‘PEN15’: The Animated Episode is a Perfect Snapshot of Adolescence

Anna Konkle and Maya Erskine touching heads at a 'PEN15' press conference.
Anna Konkle and Maya Erskine touching heads at a ‘PEN15’ press conference. | Vera Anderson/WireImage/Getty Images

The most recent episode of the Hulu comedy ‘PEN15’ is animated, and it’s the perfect encapsulation of adolescent struggles. From the fact that it takes place during a vacation to its bittersweet ending, it’s a great addition to a series that has already done an excellent job of conveying the challenges of the early teen years.

PEN15’s animated episode is set away from home

As the only animated episode of the series, it makes sense that ‘Jacuzzi’ would take place away from Maya (Maya Erskine) and Anna’s (Anna Konkle) typical surroundings. That allows the episode to exist on its own, without having to take the show’s larger story arcs into account too much. 

Maya and Anna have gone with Anna’s dad, Curtis (Taylor Nichols) for a vacation at a Florida hotel. During the episode, they awkwardly try to flirt with cute boys in the jacuzzi, get made fun of by popular kids at a club, and deal with insecurities around their appearances. 

The episode delivers an entire roller coaster ride of emotions. It gives us a stand-alone story that perfectly encapsulates the many emotional ups and downs that most of us experience during middle school.

Maya and Anna’s appearances change

The episode makes a powerful statement about impossible beauty standards and how they impact young women.

It begins with our characters, still live-action, driving to their destination in the new convertible Curtis recently bought. They transition into animated characters who look quite similar to the actors. But that changes after Maya and Anna decide to buy a drawing of themselves from a caricature artist.
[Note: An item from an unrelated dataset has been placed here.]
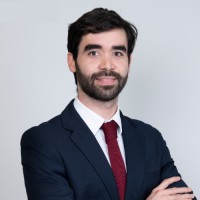 Alejo Botte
The artist draws Anna as having an enormous nose, and Maya as having a very large, round face. They take the drawing to heart, wondering if the artist’s assessment of their looks is accurate.

After that point, they appear in the episode looking like their drawings. But no one else reacts to their changed appearances, leading viewers to understand that they haven’t really transformed, they just see themselves differently now.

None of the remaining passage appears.